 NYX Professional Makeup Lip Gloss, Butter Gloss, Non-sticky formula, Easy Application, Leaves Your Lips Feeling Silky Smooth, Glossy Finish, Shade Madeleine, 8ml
++++++++
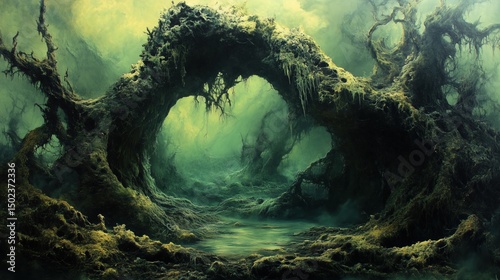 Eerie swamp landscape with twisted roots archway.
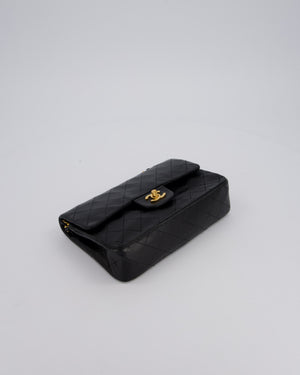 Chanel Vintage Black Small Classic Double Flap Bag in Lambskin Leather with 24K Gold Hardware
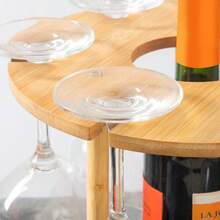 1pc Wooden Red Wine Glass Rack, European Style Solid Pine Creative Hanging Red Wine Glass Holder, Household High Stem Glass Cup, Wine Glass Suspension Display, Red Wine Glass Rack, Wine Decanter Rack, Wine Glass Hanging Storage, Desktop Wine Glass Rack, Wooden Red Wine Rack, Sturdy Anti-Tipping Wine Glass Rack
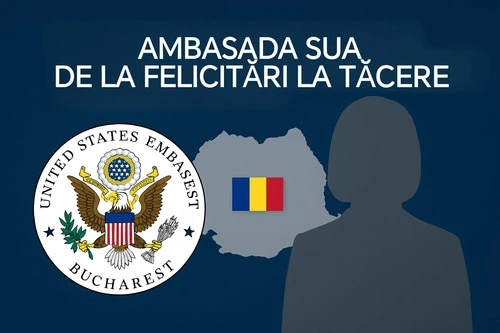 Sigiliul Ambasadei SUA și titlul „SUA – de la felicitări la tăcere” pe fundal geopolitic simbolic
++++++++
> Aim of the exercise: Range to copy from the records above: the line containing "Eerie swamp landscape" to the line containing "Sigiliul Ambasadei SUA", both included. Output those lines exactly and only those, skipping pictures.

> Reply to the task:
 Eerie swamp landscape with twisted roots archway.
 Chanel Vintage Black Small Classic Double Flap Bag in Lambskin Leather with 24K Gold Hardware
 1pc Wooden Red Wine Glass Rack, European Style Solid Pine Creative Hanging Red Wine Glass Holder, Household High Stem Glass Cup, Wine Glass Suspension Display, Red Wine Glass Rack, Wine Decanter Rack, Wine Glass Hanging Storage, Desktop Wine Glass Rack, Wooden Red Wine Rack, Sturdy Anti-Tipping Wine Glass Rack
 Sigiliul Ambasadei SUA și titlul „SUA – de la felicitări la tăcere” pe fundal geopolitic simbolic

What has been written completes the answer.